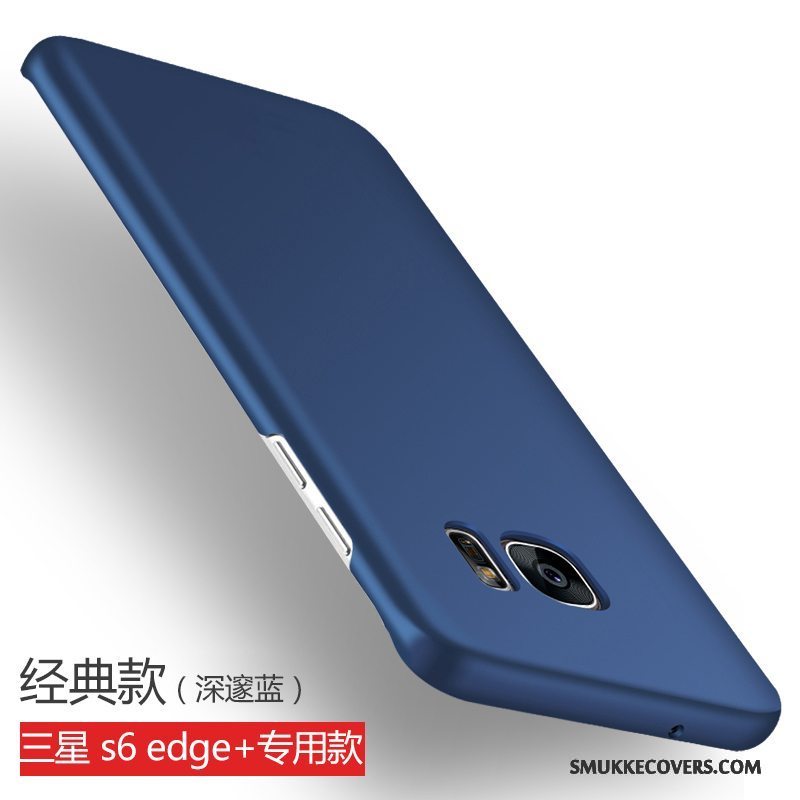 Etui Samsung Galaxy S6 Edge + Beskyttelse Hård Telefon, Cover Samsung Galaxy S6 Edge + Anti-fald Farve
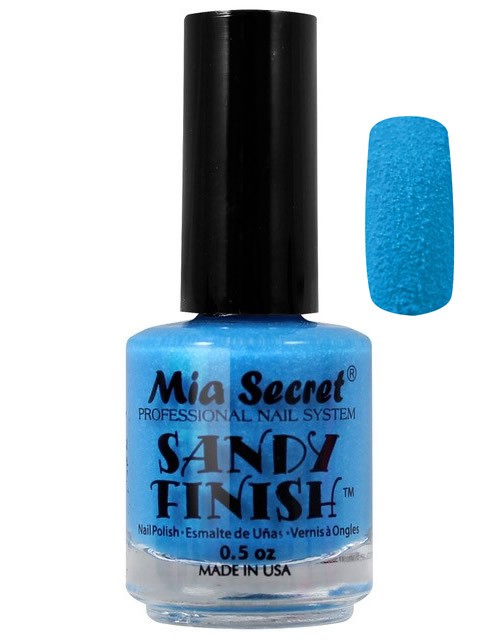 Sandy Finish Nagellak Blauw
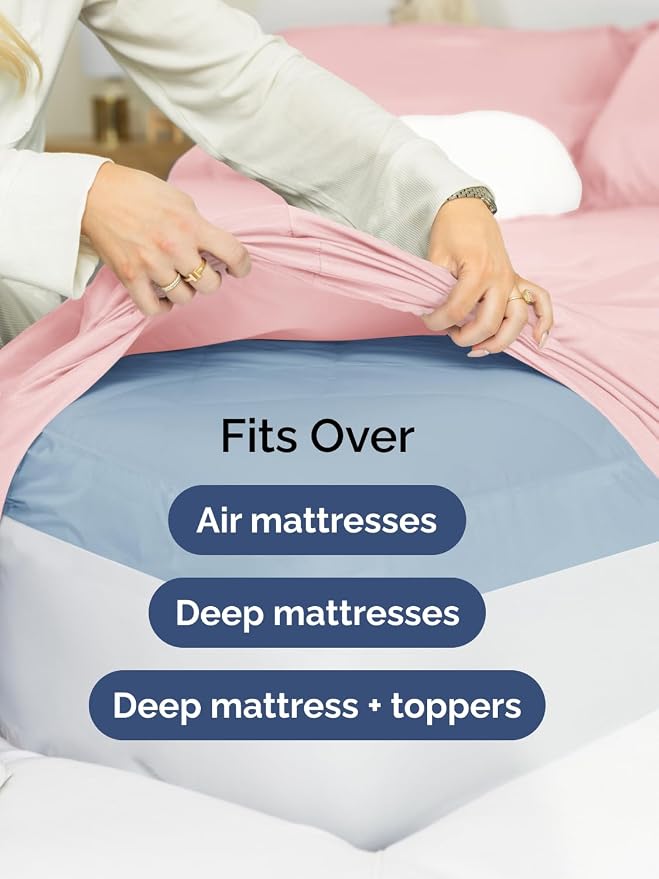 Extra Deep Twin XL Fitted Sheet - Image 6
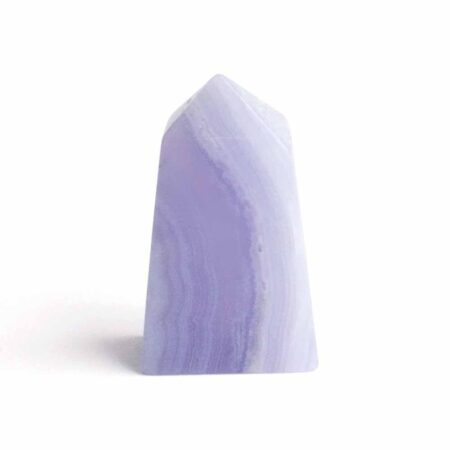 Chalcedon blau Kristall | Obelisk | Spitze Höhe 40 mm aus Namibia Edelsteine Heilsteine bei Wunderstein24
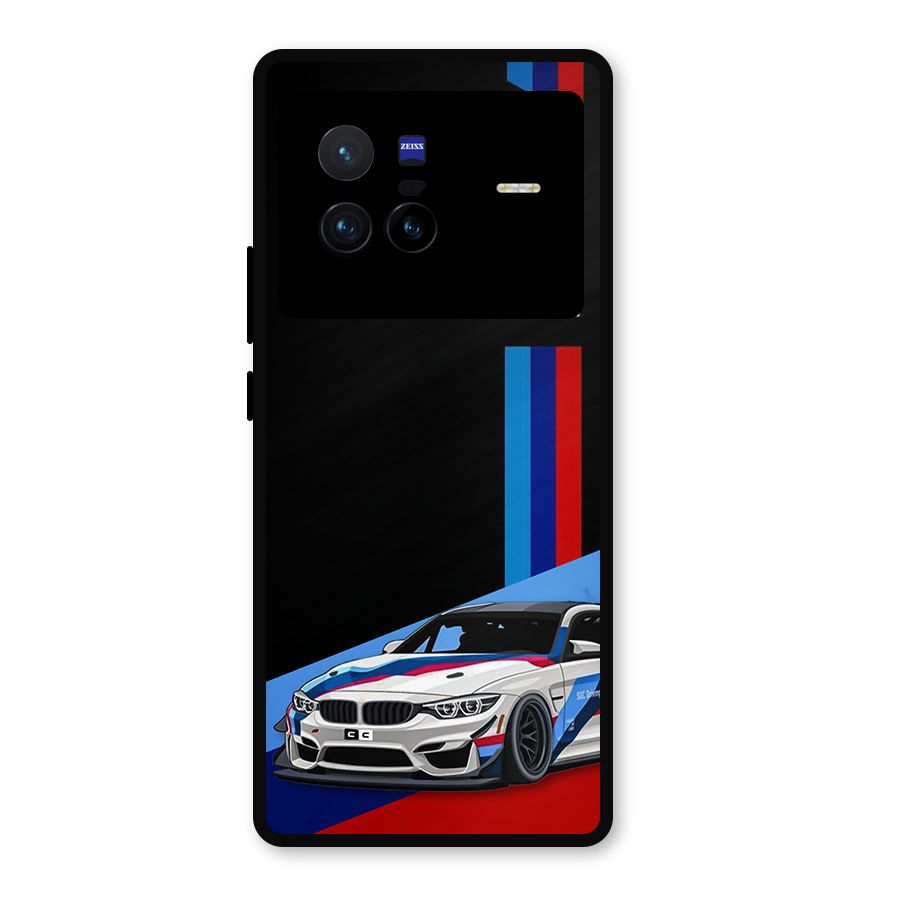 Supercar Stance Metal Back Case for Vivo X80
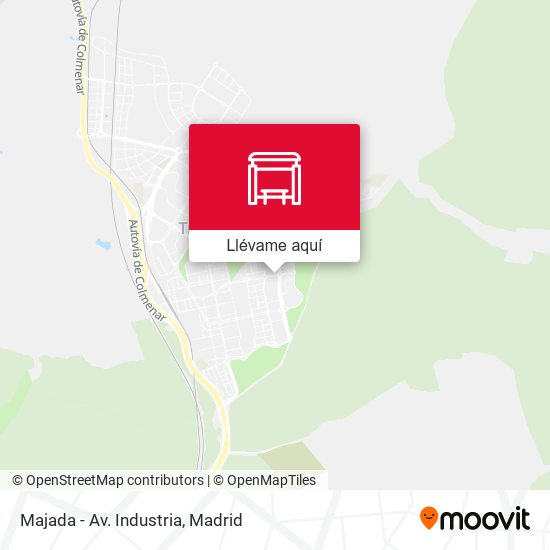 Mapa Majada - Av. Industria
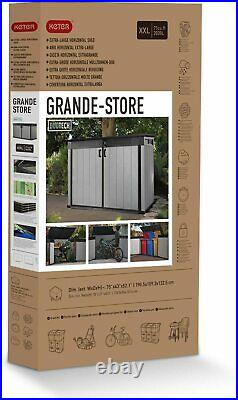 Keter Store It Out GRANDE Garden Lockable Storage Box 191 x 133cm XXXL SIZE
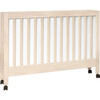 Maki Full-Size Portable Folding Crib with Toddler Bed Conversion Kit, Natural - Cribs - 7 - thumbnail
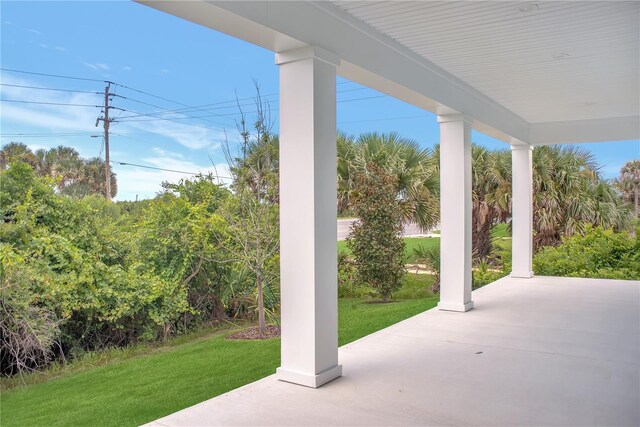 view of patio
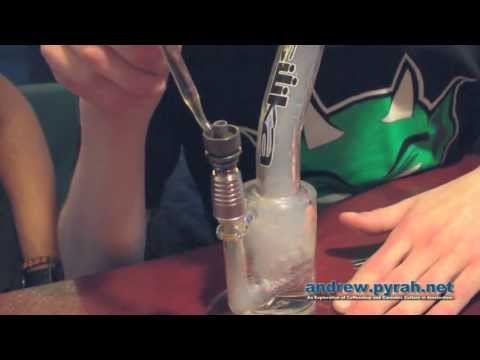 H3rby Extracts Solventless & BHO Dab Session at Voyagers Coffeeshop Amsterdam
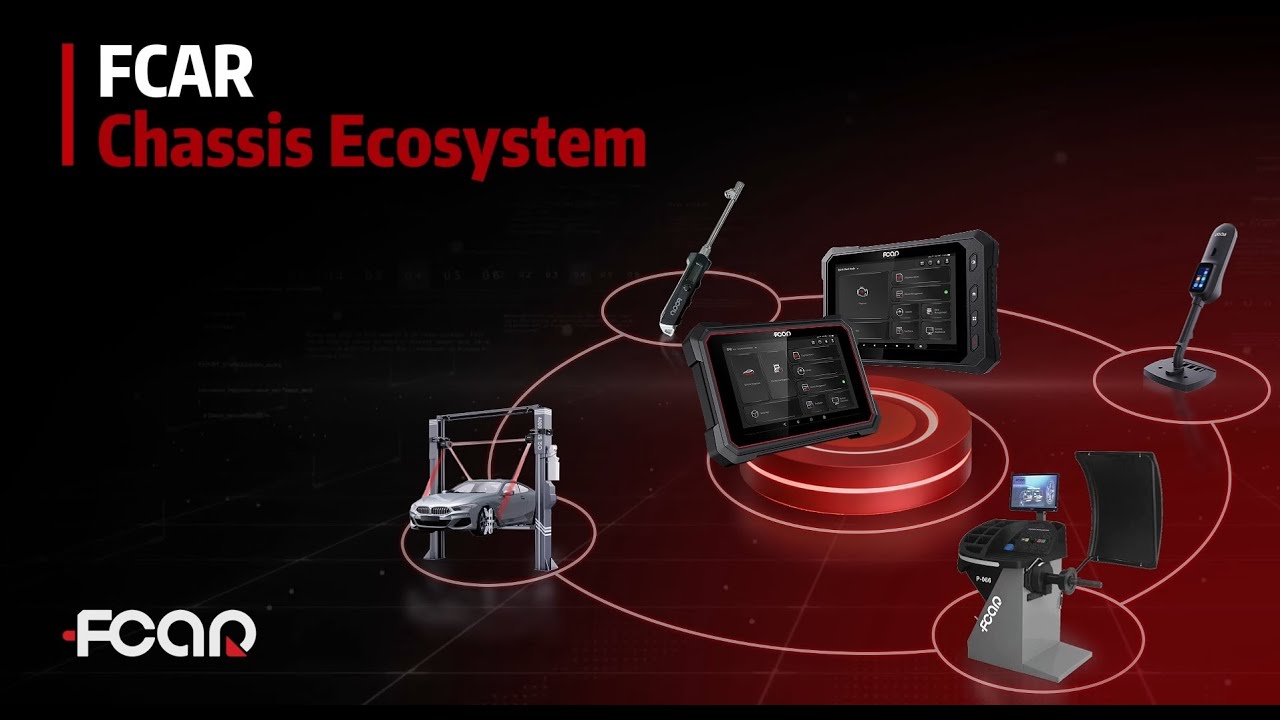 FCAR EcoSystem – Diagnostyka i kontrola geometrii, bieżnika, wyważenia kół z raportami w chmurze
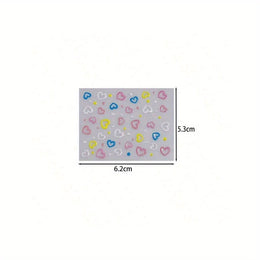 KissICON 90 Sheets KissIcon Floral Nail Stickers 4500Pcs - Self-Adhesive Glossy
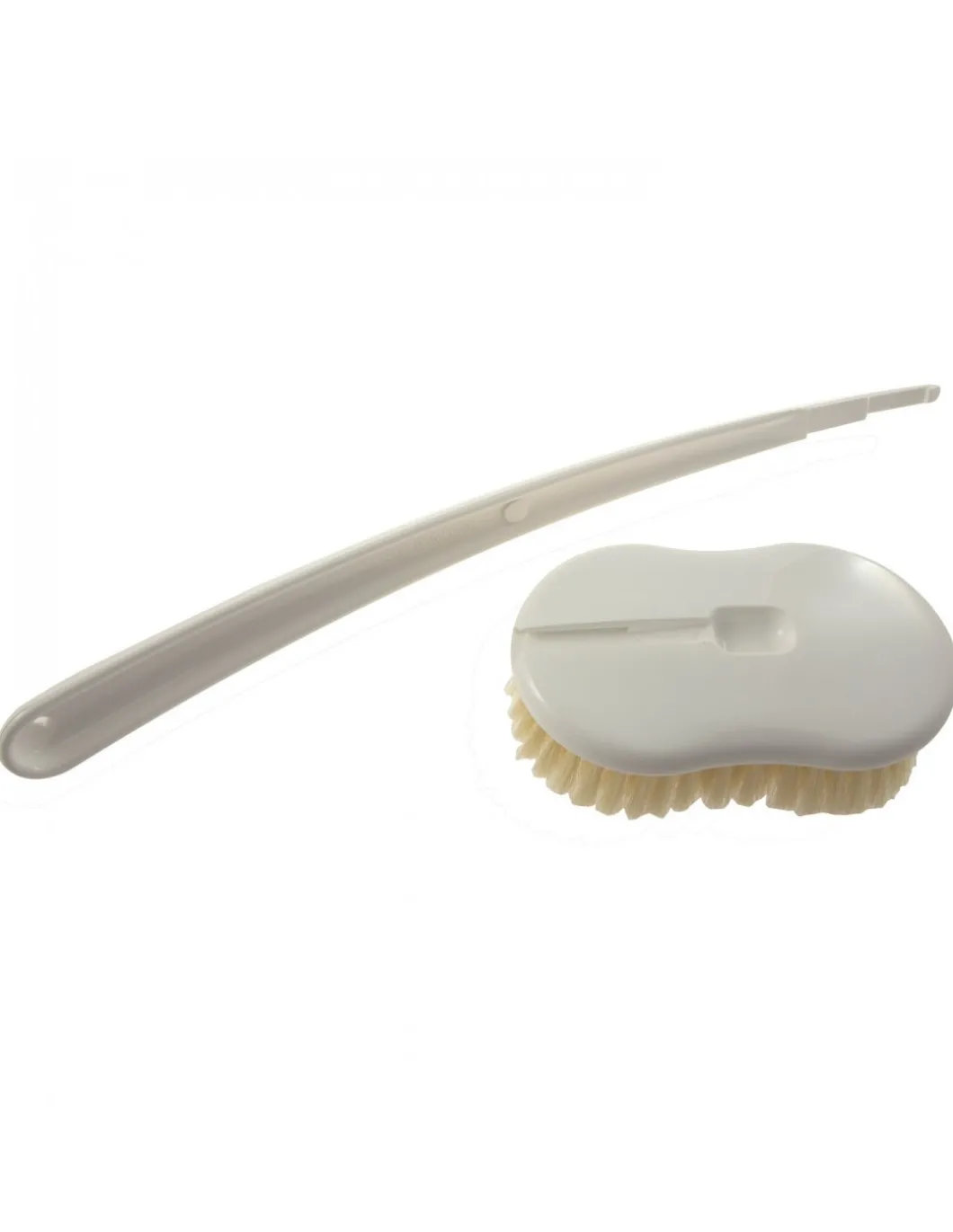 Spazzola da Bagno Manico Bianco Setole Maiale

Work item: Reproduce exactly and only the lines from the one with "view of patio" through the final line of the records above, inclusive. Pictures must be left out.

Solved problem:
 view of patio
 H3rby Extracts Solventless & BHO Dab Session at Voyagers Coffeeshop Amsterdam
 FCAR EcoSystem – Diagnostyka i kontrola geometrii, bieżnika, wyważenia kół z raportami w chmurze
 KissICON 90 Sheets KissIcon Floral Nail Stickers 4500Pcs - Self-Adhesive Glossy
 Spazzola da Bagno Manico Bianco Setole Maiale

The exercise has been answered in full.